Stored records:

-------

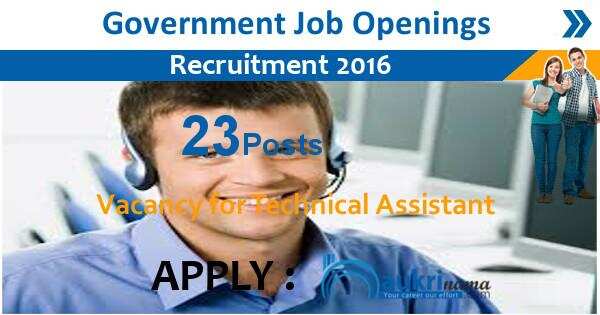 Job Alert –Govt. of Andhra Pradesh Technical Assistant Vacancy 2016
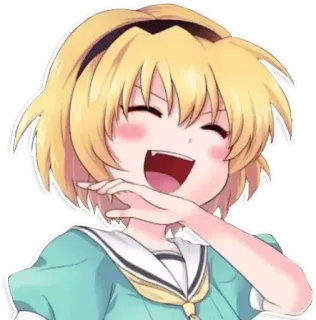 😆 anime, kreskówka, postać, dziewczyna, uśmiechnięta, szczęśliwa, słodka telegram sticker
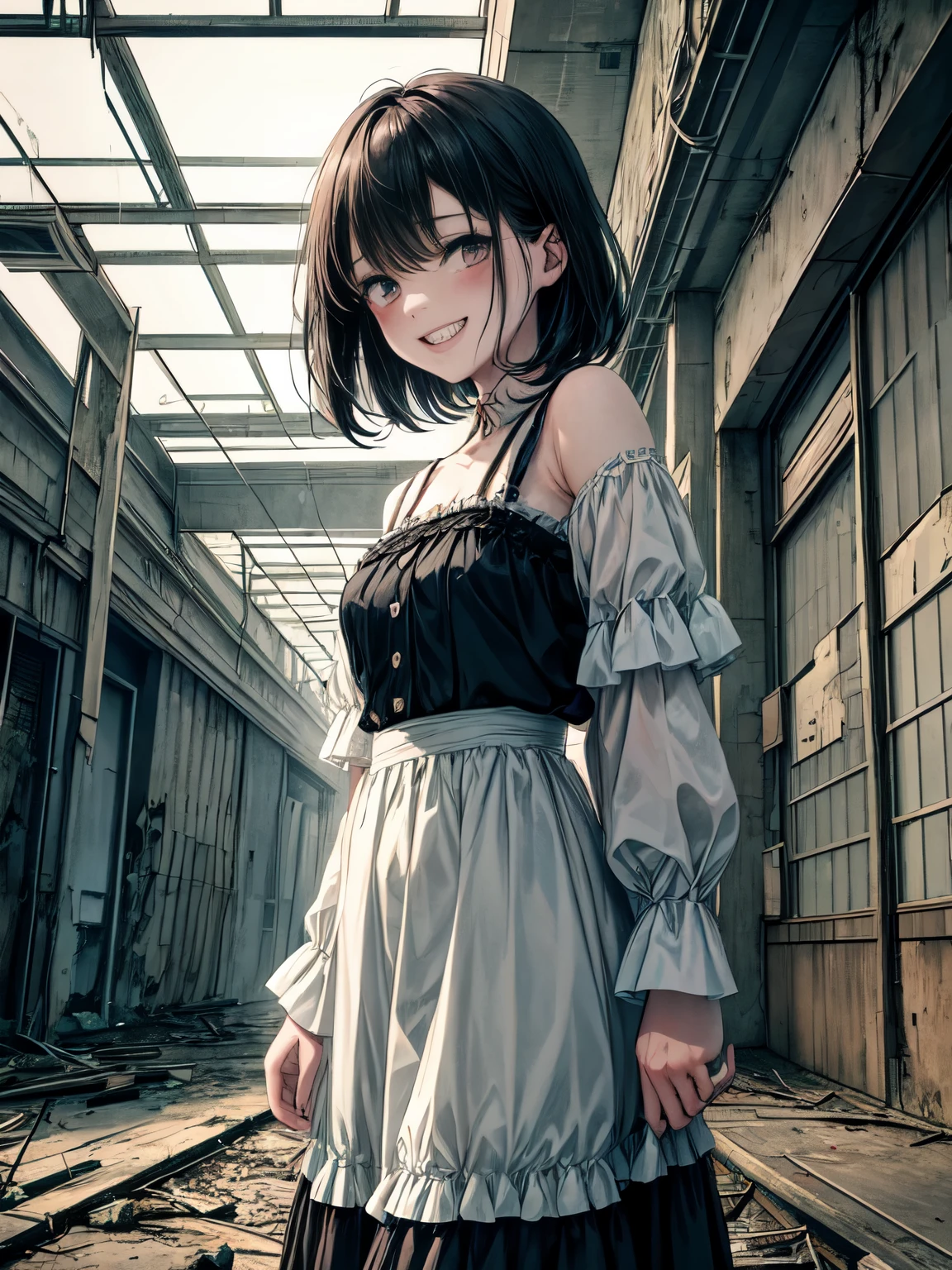 beautiful woman, cool and sadistic, amorous and lewd face, evil smile, teasing smile, grin, lewd smile, big tareme, droopy eyes, huge mouth, make-up, messy short hair, great proportion, loose size cardigan, ruffle skirt, choker, (ultra detailed, absolutely resolution, best quality:1.3), 2.5D, delicate and dynamic, shading effects, hyper realistic, artistic photography, graphic CG digital art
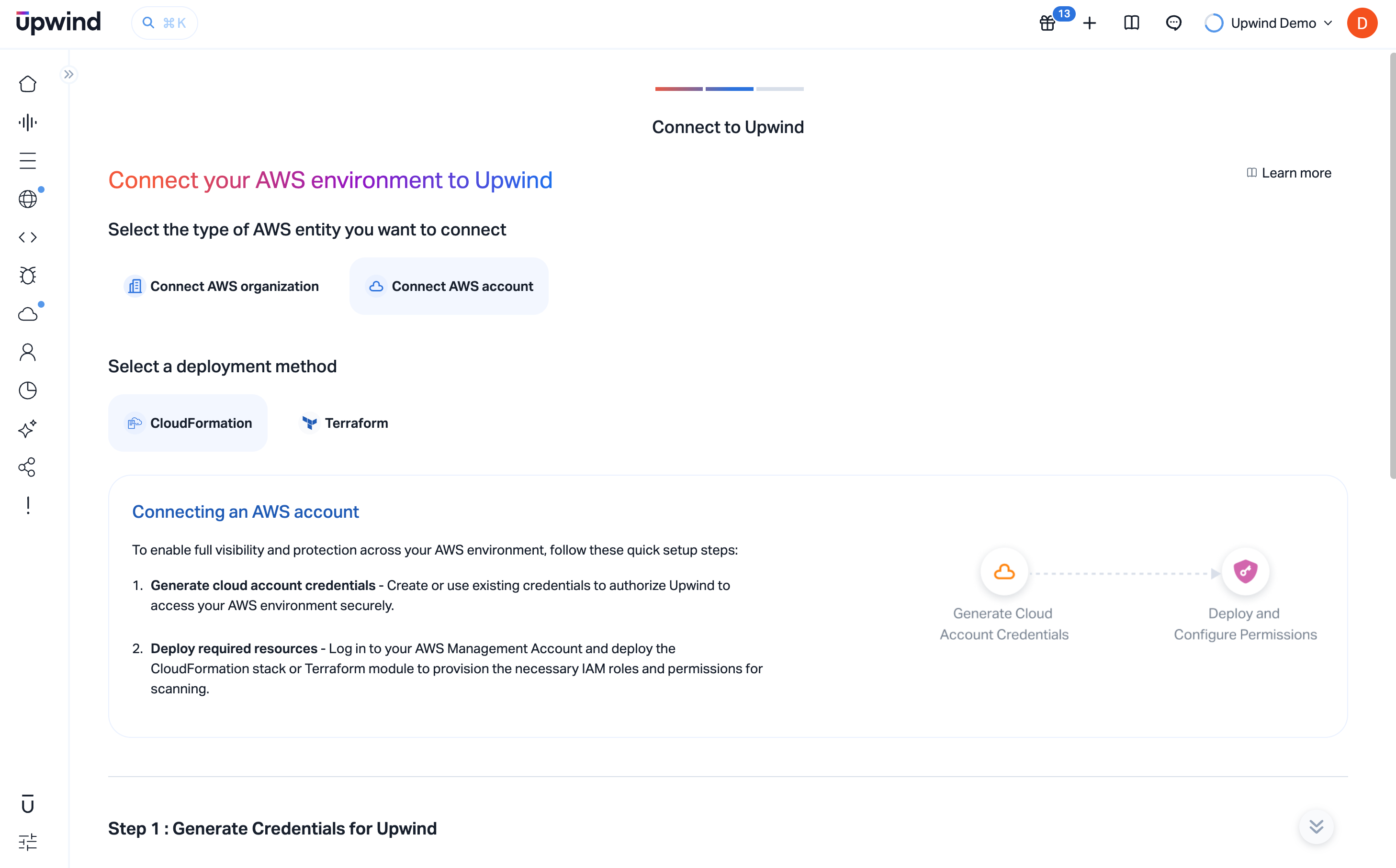 Connect AWS account with CloudFormation as the deployment method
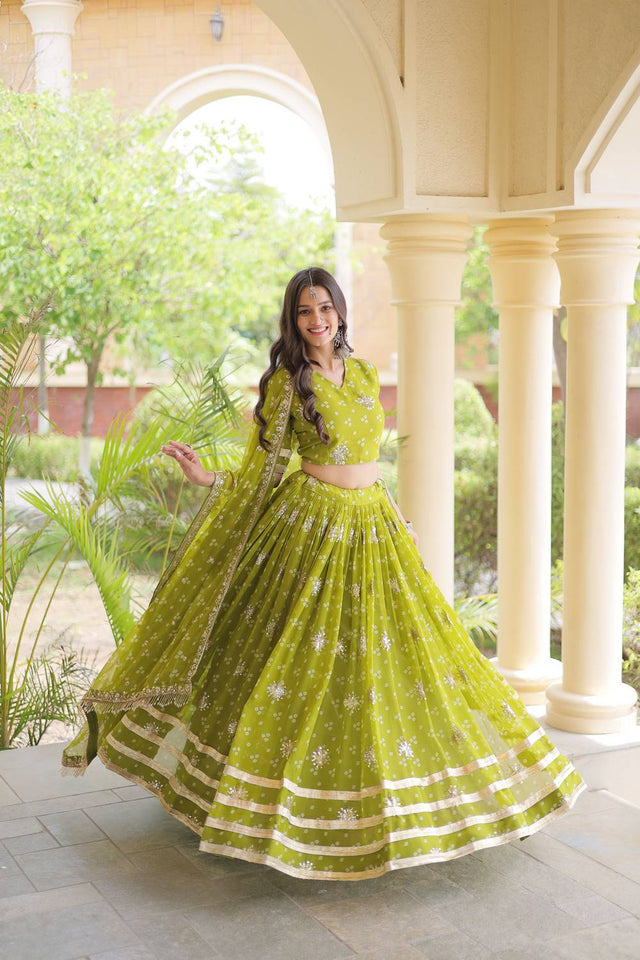 Green Sequin with Printed Georgette Free Size Stitched Lehenga (ACA9727)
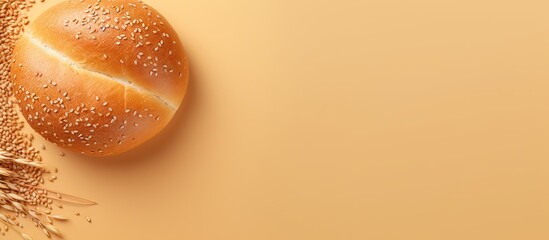 Poster - Sesame seed bread displayed on isolated pastel background Copy space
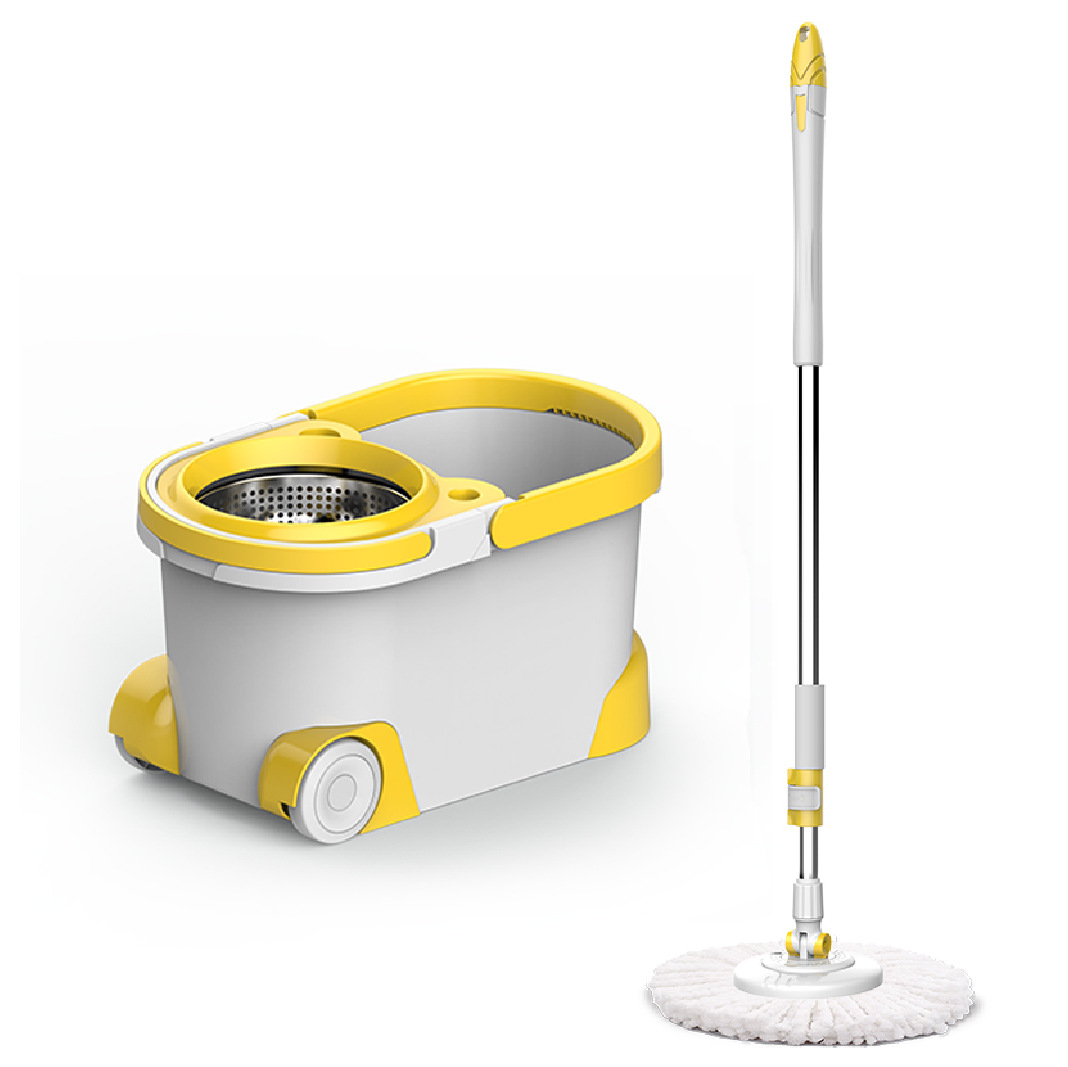 Household rotating mop, hand-free, dual-drive mop, automatic spin-drying and dehydration, ultra-fine fiber mop source manufacturer Item Picture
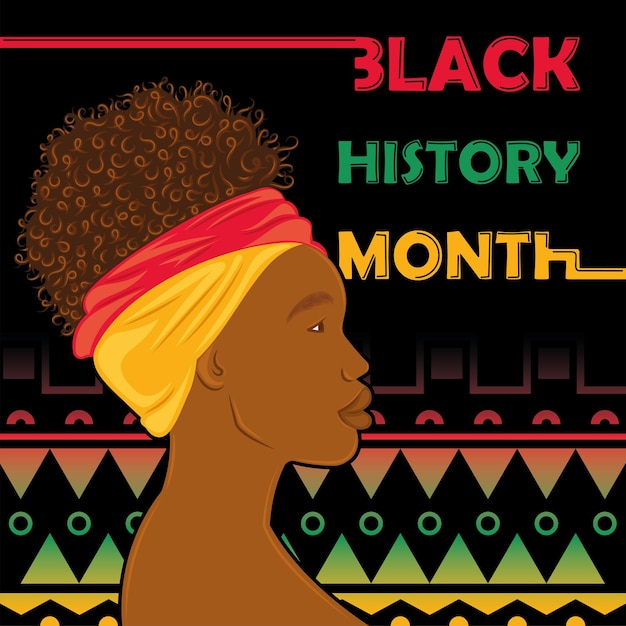 Poster del mese della storia nera, personaggio di ragazza afroamericana, Vector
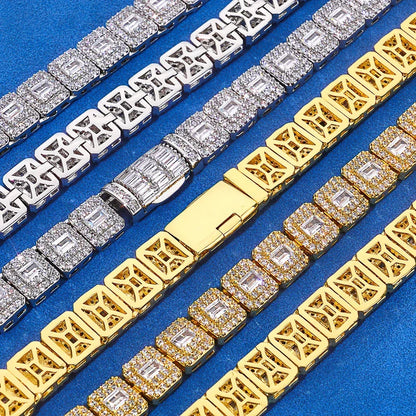 Custom 7.5mm Baguette Mixed Iced Bracelet | Secure Fold-over Hip Hop Bling | Caratix - CaratixJewelry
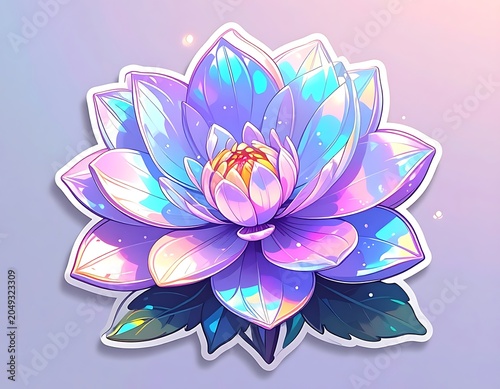 A vibrant, iridescent flower with shimmering petals and leaves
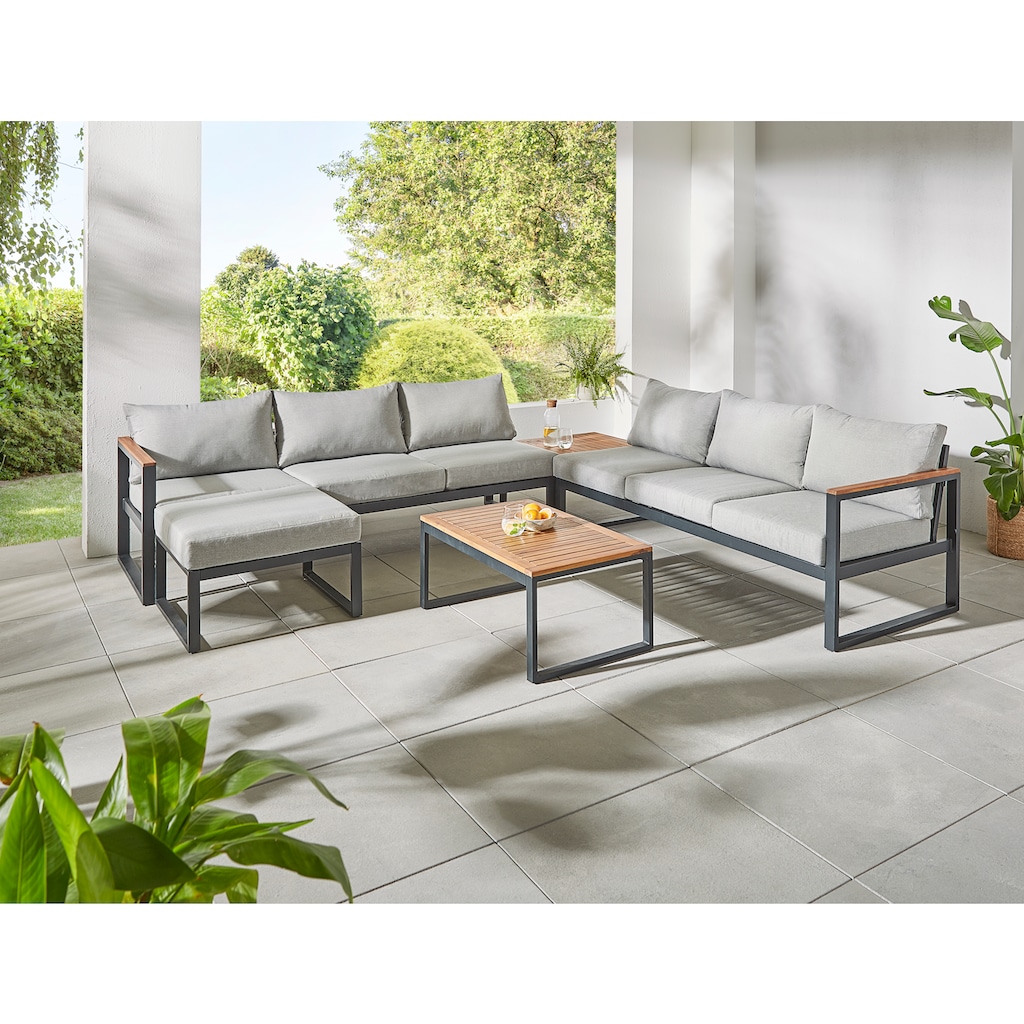 KONIFERA Gartenlounge-Set »Rhodos«, (Set, 5 tlg., 2xBank,1xHocker, 1xTisch 65x50x37cm, 1xTisch 90x65x37cm,inkl. Auflagen), Terassenmöbel,Aluminium,Akazienholz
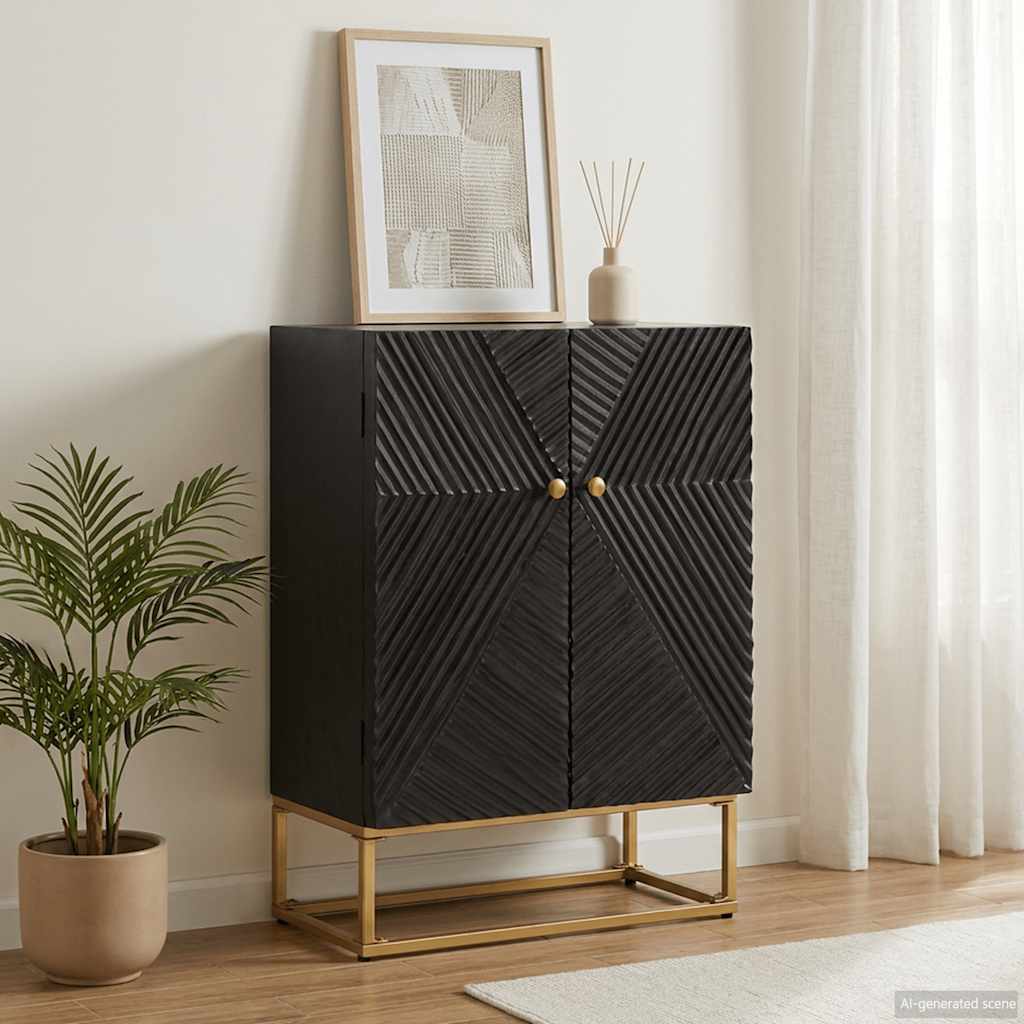 vidaXL Nachtkastje 40x30x50 cm massief mangohout en ijzer zwart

-------

Task description: Starting at the line above with "Household rotating mop, hand-free, dual-drive", output every line exactly up to and including the line with "Custom 7.5mm Baguette", but none of the pictures.

Worked solution:
 Household rotating mop, hand-free, dual-drive mop, automatic spin-drying and dehydration, ultra-fine fiber mop source manufacturer Item Picture
 Poster del mese della storia nera, personaggio di ragazza afroamericana, Vector
 Custom 7.5mm Baguette Mixed Iced Bracelet | Secure Fold-over Hip Hop Bling | Caratix - CaratixJewelry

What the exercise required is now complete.